# Wierd Ariens Q



## backhoeken (Nov 30, 2014)

Model 93027 7/24

Trying to help fix the neighbors snow thrower and cannot find the proper parts and service manuals. The neighbor is 90+ and tore it all apart including pins and bushings...... Got it all back together, new belts, friction wheel, bearings....Only thing remaining is forward motion. To go forward I have to put it in reverse and to go in reverse push it forward. 

All the parts manuals show 2 seprate pully's off the motor. This unit has only one pully for both vbelts. Any help for the proper manual or suggestions. 

Thank you 
Merry Christmas
Ken


----------



## micah68kj (Oct 8, 2011)

I know this might seem a bit crazy but it sounds like you have the platter turning the wrong way or possibly the control lever linkage 180° from where it's supposed to be and it's working backwards.


----------



## sscotsman (Dec 8, 2010)

Ken,
there is no model 93027..I assume you probably mean 932027.
If so, here are your manuals:

Owners manual:
http://apache.ariens.com/manuals/032299D.pdf

Parts manual:
http://apache.ariens.com/manuals/PM-32-93.pdf

Service manual:
http://apache.ariens.com/manuals/00040900.pdf

As Joe said, its almost certaintly a friction disk adjustment issue.
we have heard of this same problem before..(putting it reverse makes it go forward, etc.) Its a matter of the controls to the friction disk not being adjusted correctly.

Scot


----------



## backhoeken (Nov 30, 2014)

*yes 932027*

thanks but the docs still show 2 separate pulleys and this has only one pulley with 2 groves for the v-belts.


----------



## sscotsman (Dec 8, 2010)

Is 932027 the correct model number?

Scot


----------



## motorhead64 (Dec 15, 2013)

Ken
Is it possible the owner replaced the engine at some time in the past? The drawing of the engine in the service manual appears to show a 2 shaft engine, with the tractor movement shaft running off the camshaft and the auger etc running off the main driveshaft.
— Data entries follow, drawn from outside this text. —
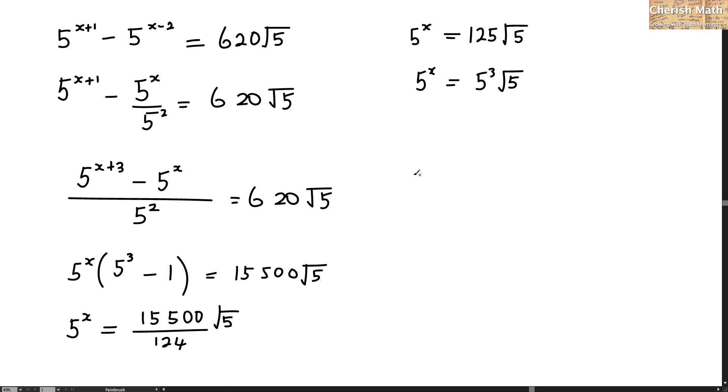There is a point to highlight here. The square root of 5 is in fact same as 5 to the power of 1 half, or I can rewrite it as 5 to the power of 0.5.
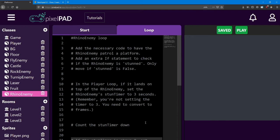In the player loop, add a collision check with the Rhino enemy. And if the player is above the Rhino, set his stun timer to 3 seconds. But remember, you're not setting the timer to equal 3. You need to convert it to frames. Remember, there's 60 frames in a second.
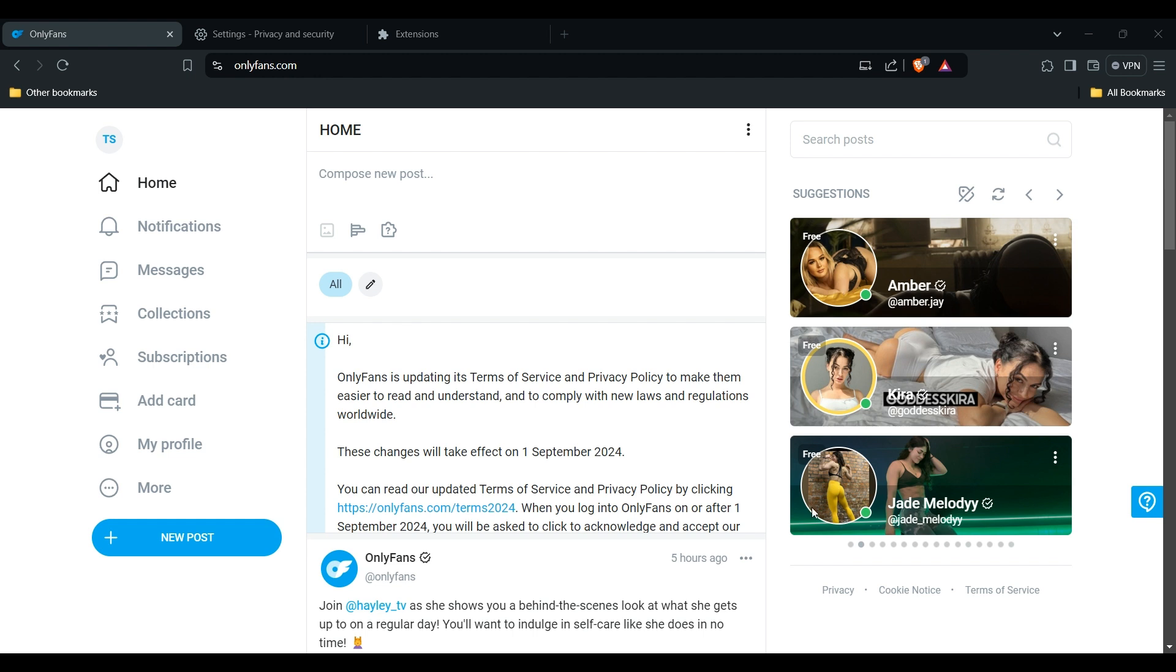By following these steps, you should be able to resolve most OnlyFans search issues. Thank you for watching this video. I hope you understand how you can resolve this problem.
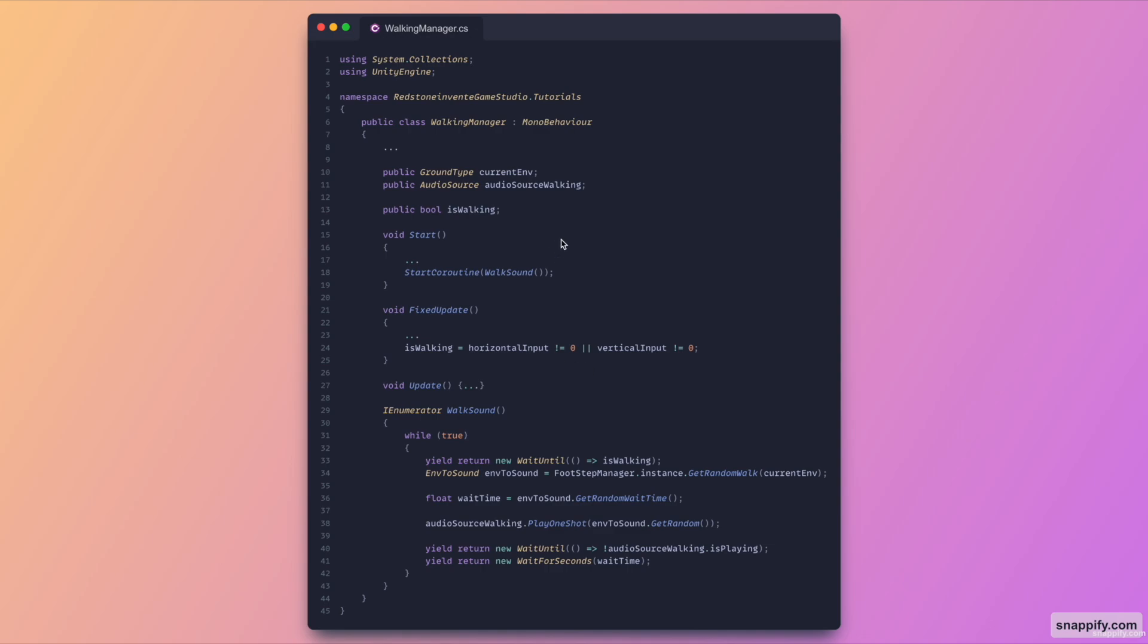And for this use case the way that I'm detecting if we are walking or not is basically to check whether horizontal input or vertical input is not zero. But you can replace this with your own implementation if you have one. Another common way would be if you've got a rigidbody you could just call rigidbody.velocity, if that does not equal zero it means that you are moving.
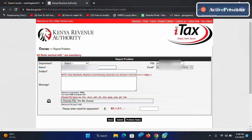It will display your name and the email address that was used to register your KRA PIN. That's basically how you check it.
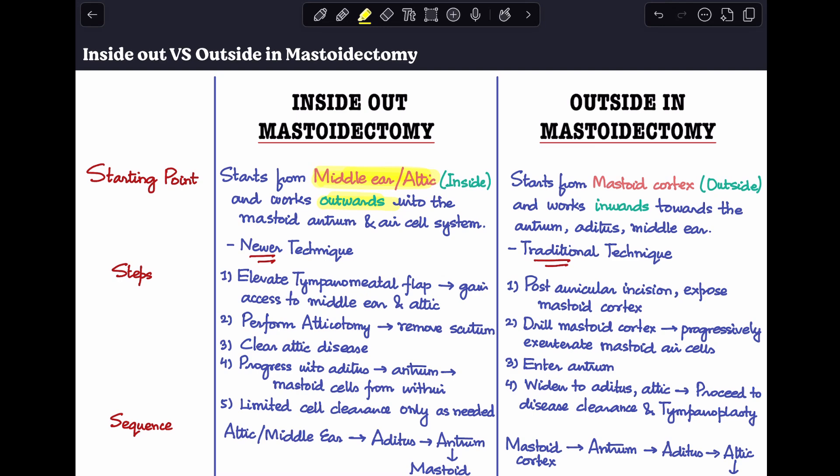Our approach is very different compared to the traditional outside-in mastoidectomy, where we usually start drilling from the mastoid cortex — starting from the outside and slowly working inwards towards the antrum, aditus, and middle ear. That is the primary difference between the two techniques. Inside-out mastoidectomy is a newer technique and requires an experienced surgeon; it is a much more difficult technique for somebody who is just beginning surgery.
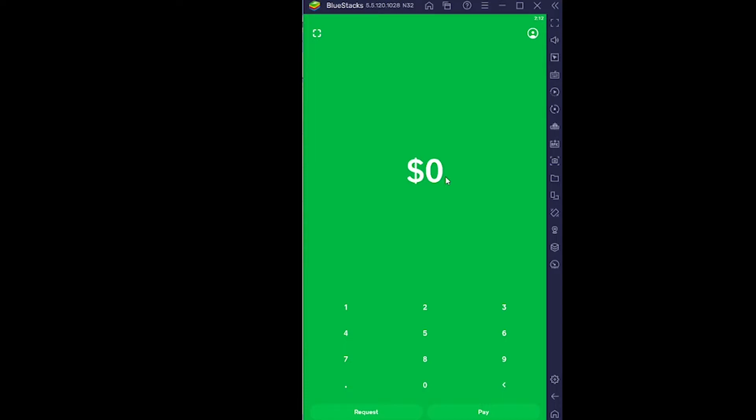The first step is make sure your internet connection is fast because sometimes due to slow internet connection your Cash App keeps on crashing. Cash App can't connect to its server due to the slow internet connection. If that's the case, use your data connection because data is faster than internet. Most of the time data is faster than internet.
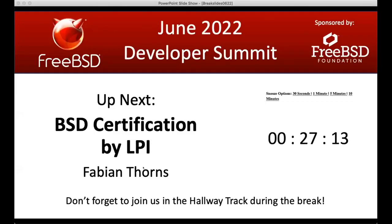That's about all the time we have. We'll head to the hallway track — one more break and then the last talk of the day after that.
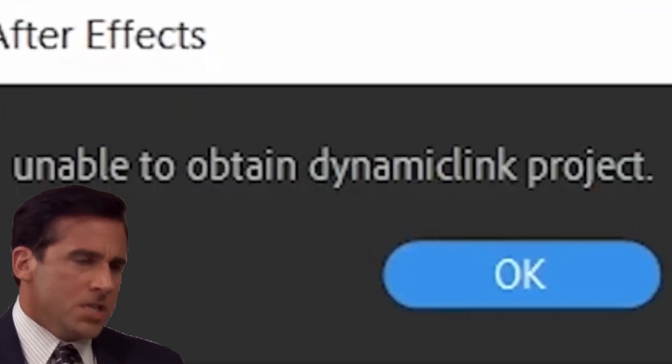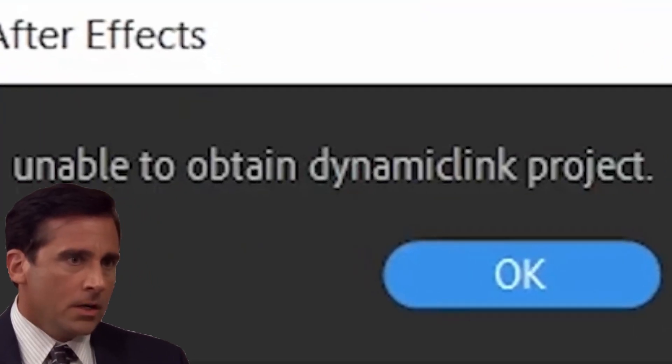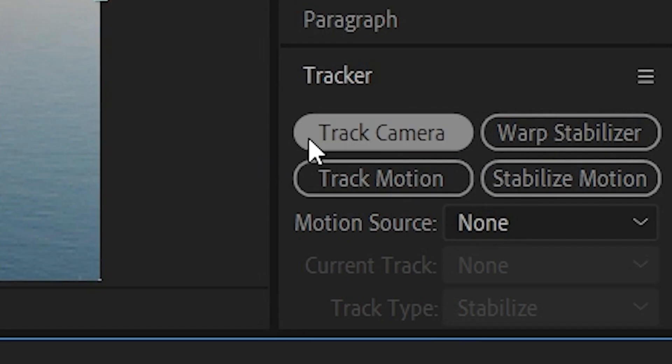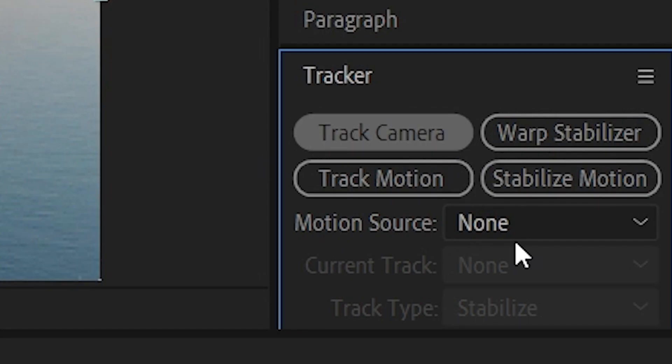After one year trying everything, I finally got the solution. Everything was fine, I just came into After Effects to do some work, and when I clicked the 3D Camera Track, I got this notification and the 3D track doesn't work.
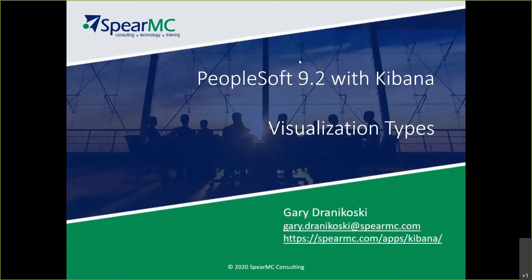Thank you for your interest in SpearMC's educational video series. In this session, I will be discussing data visualization.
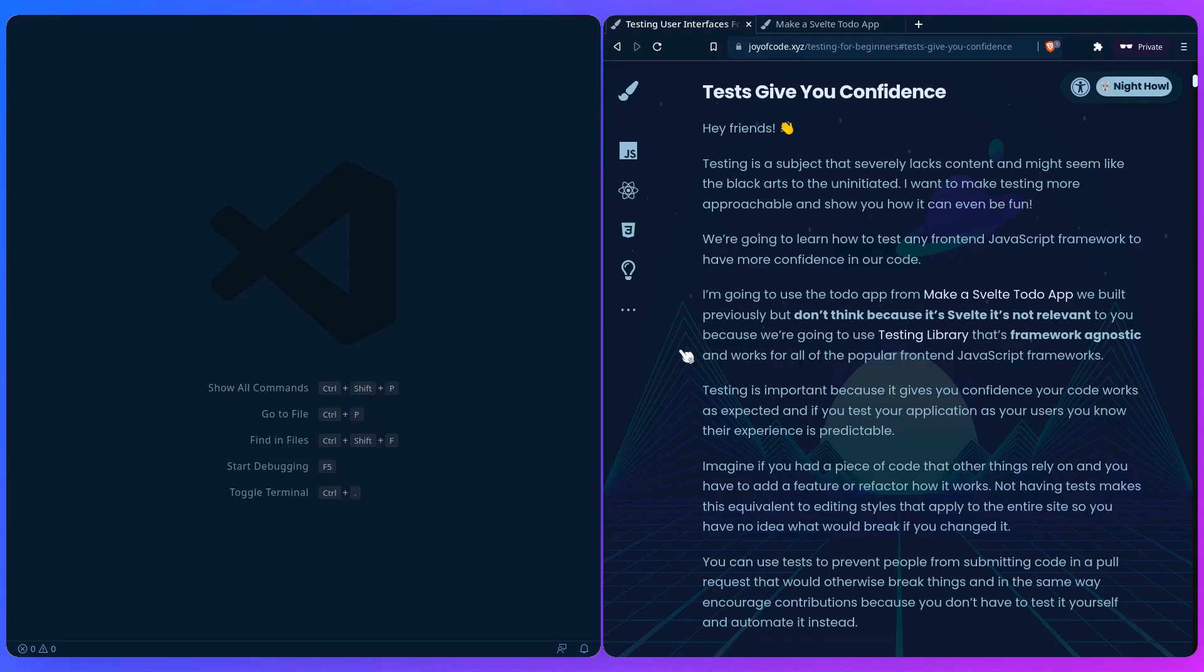Imagine if you had a piece of code that other things rely on and you have to add a feature or refactor how it works. This might remind you of the nightmare of editing CSS that's global in your project, right? Where you don't know what's going to break if you change one part of it. And that's literally how it is without tests.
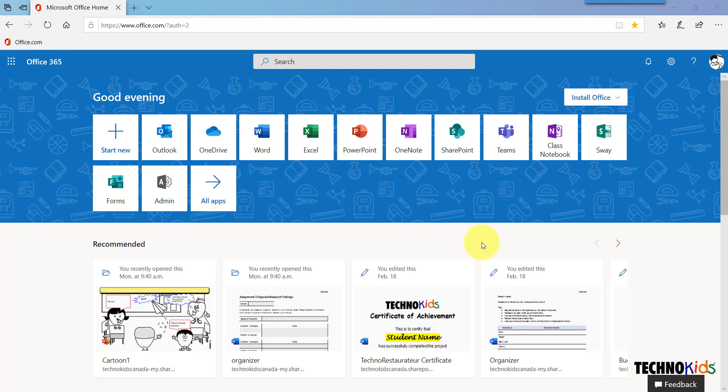In this video we are going to open the TechnoKids class notebook and have a look at the work that your students have been doing. Go to office.com and sign into your Office 365 account.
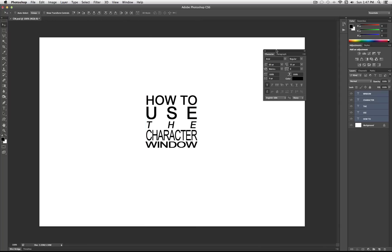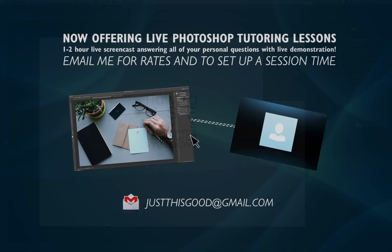The Character panel is a very useful tool whenever you're creating a design that involves text or typography, and I'm sure you've seen this style before. Hopefully this helped you out. If there's any type of video you want to see, leave me a comment or send me an email with examples at justthisgood@gmail.com — I'd love to make a video about it. Subscribe for more tutorials and keep in touch.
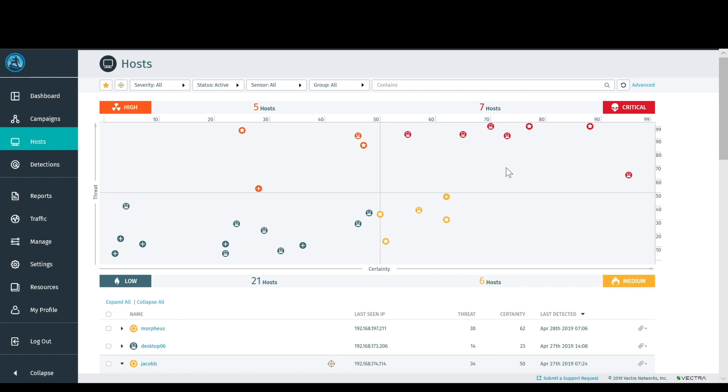The integration of Vectra's Cognito platform with CrowdStrike's Falcon Insight Endpoint Detection and Response enables security teams to unify network and endpoint visibility to quickly detect, verify, and isolate attacks. Let's take a look at that experience.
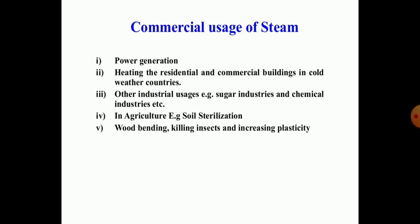The basic commercial uses of steam generated by the steam generator are: the main use of high pressure, high temperature steam is for power generation; heating residential and commercial buildings in cold weather countries in Europe; other industrial uses include sugar industries and chemical industries; also in agriculture and soil sterilization, wood bending, killing insects, and increasing the plasticity of materials. These are some of the applications of high pressure, high temperature steam generated by steam generators.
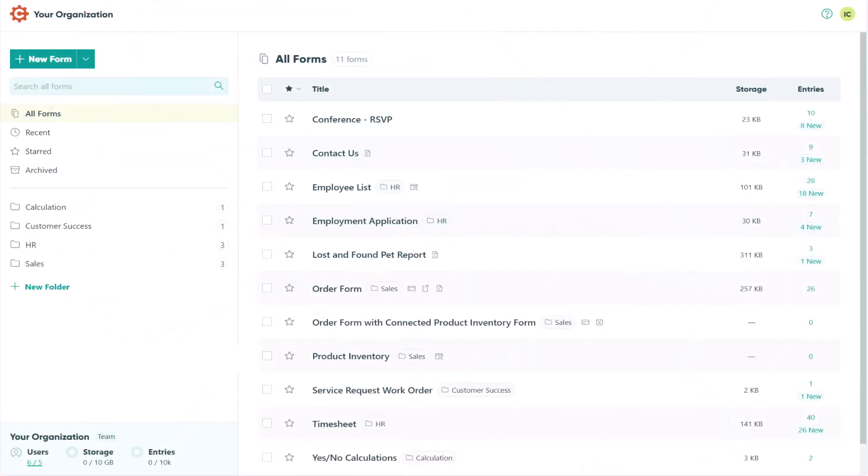Hey everyone, this is Isabelle from the Cognito Forms team. In this video, I'm going to show you how to import your entry data into Cognito Forms using an Excel template.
If he changed to a one shaft engine, the main drive shaft would be driving the tractor mechanism in reverse. Just wondering. MH


----------



## backhoeken (Nov 30, 2014)

Makes perfect sense. 
In that case would a longer belt with a twist in it work ?


----------



## motorhead64 (Dec 15, 2013)

I have heard of people doing this. In theory it works. In practice...not sure. I have a twisted belt on my Ariens Gt20 mower deck that has been fine, but it's a really long belt in my setup. Blower belts are much shorter. MH


----------



## backhoeken (Nov 30, 2014)

Just checked and there is not really enough room as the belt would rub against itself.


----------



## HCBPH (Mar 8, 2011)

If the blower came with a twin shaft motor and someone replaced it with a single shaft, the drive will run backwards. The 2d shaft is geared to the crank and runs in the opposite direction as the crank. Put on a single shaft and the gearing would be reversed.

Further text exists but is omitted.